**** Provided data ****
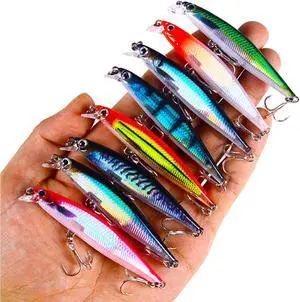 8pcs Suspending Minnow Bait With Treble Hooks, Jerkbait Long Casting Crankbait Wobbler For Fishing, Hard Bait 8cm/3.14in 5.5g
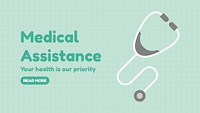 Medical assistance blog banner template, healthcare & hospital design psd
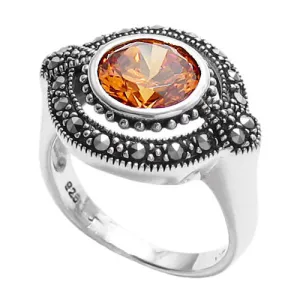 Elegant Oval Marcasite Ring with 1.75 Carat Orange CZ in Sterling Silver.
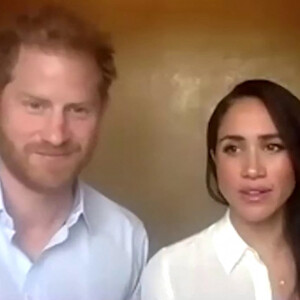 Le prince Harry, duc de Sussex, et Meghan Markle, duchesse de Sussex, abordent la question des inégalités et du racisme institutionnel dans une vidéoconférence avec de jeunes leaders, en leur qualité de Président et vice-président de Queen's Commonwealth Trust (QCT). Los Angeles. Le 6 juillet 2020.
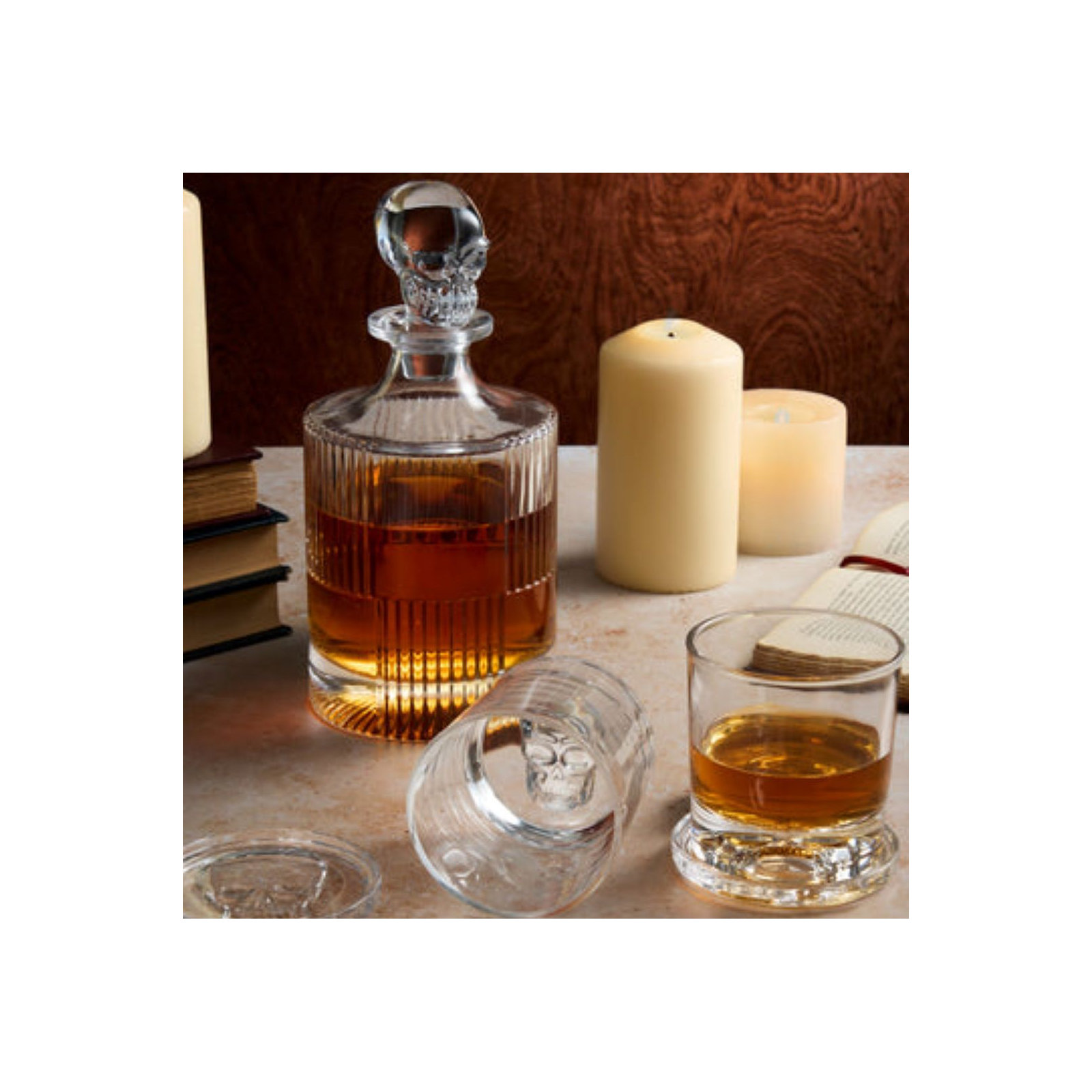 Skull 3 Piece Round Whiskey Decanter Set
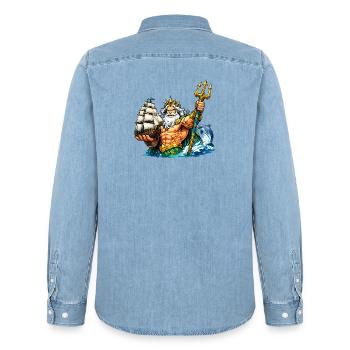 Neptun mit Seegelschiff - Männer Jeanshemd Organic von Stanley/Stella - verwaschenes Hellblau - Hinten - AI Model Male 185 light (185cm)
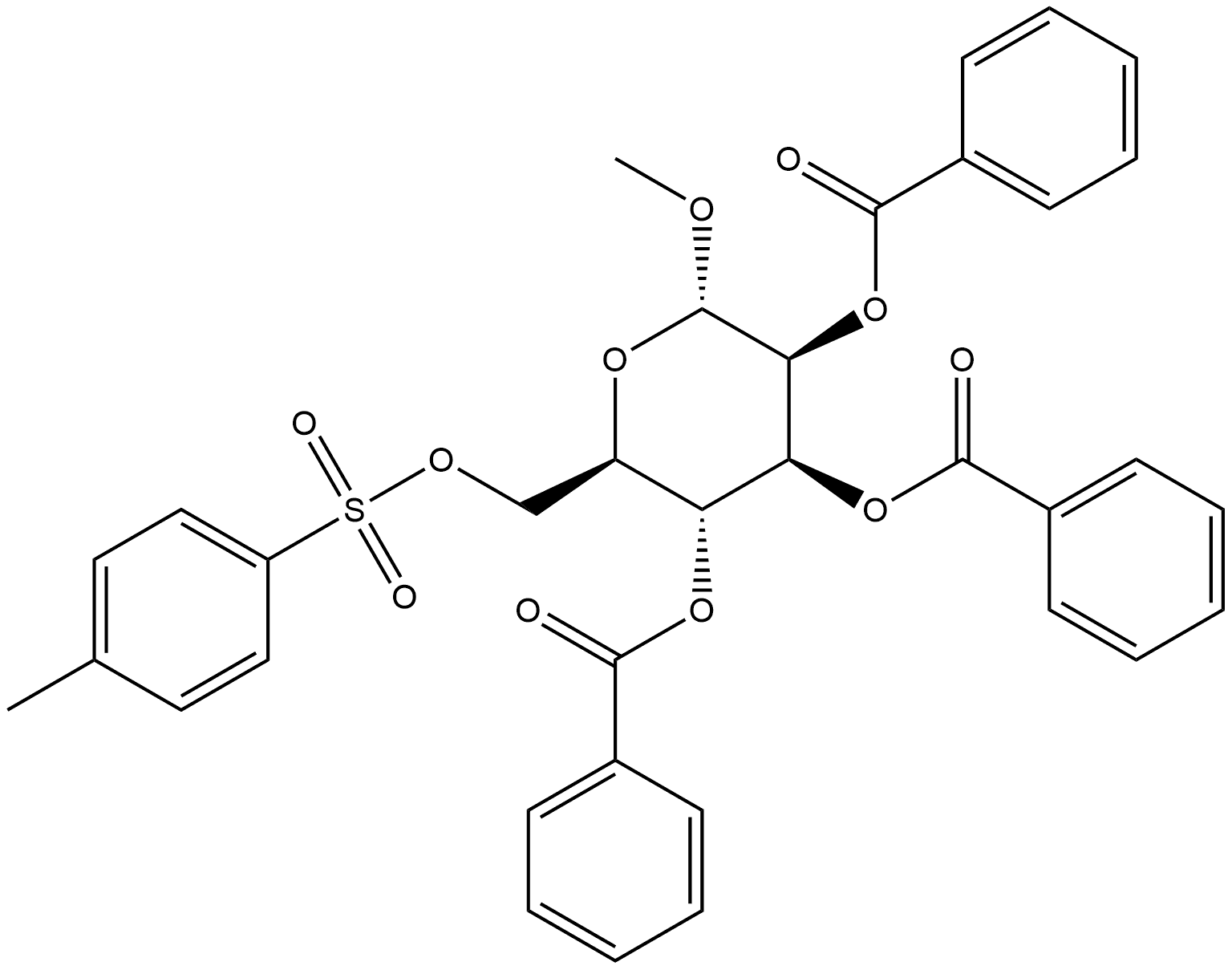 Methyl 2,3,4-tri-O-benzoyl-6-O-[(4-methylphenyl)sulfonyl]-α-D-mannopyranoside 구조식 이미지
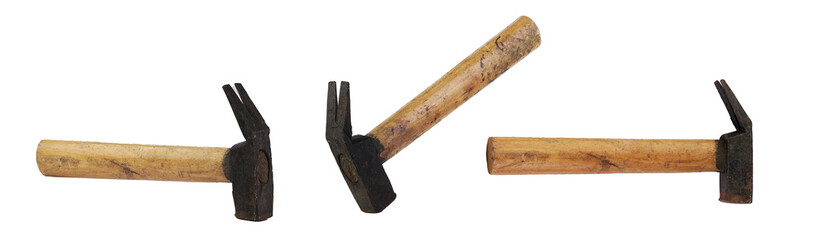Old Hammer with wood handle isolated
****
Directions for this task: Only the lines from the beginning of the records up to and including the line with "Elegant Oval Marcasite" should appear, exactly as they are, and no pictures.

Exercise output:
 8pcs Suspending Minnow Bait With Treble Hooks, Jerkbait Long Casting Crankbait Wobbler For Fishing, Hard Bait 8cm/3.14in 5.5g
 Medical assistance blog banner template, healthcare & hospital design psd
 Elegant Oval Marcasite Ring with 1.75 Carat Orange CZ in Sterling Silver.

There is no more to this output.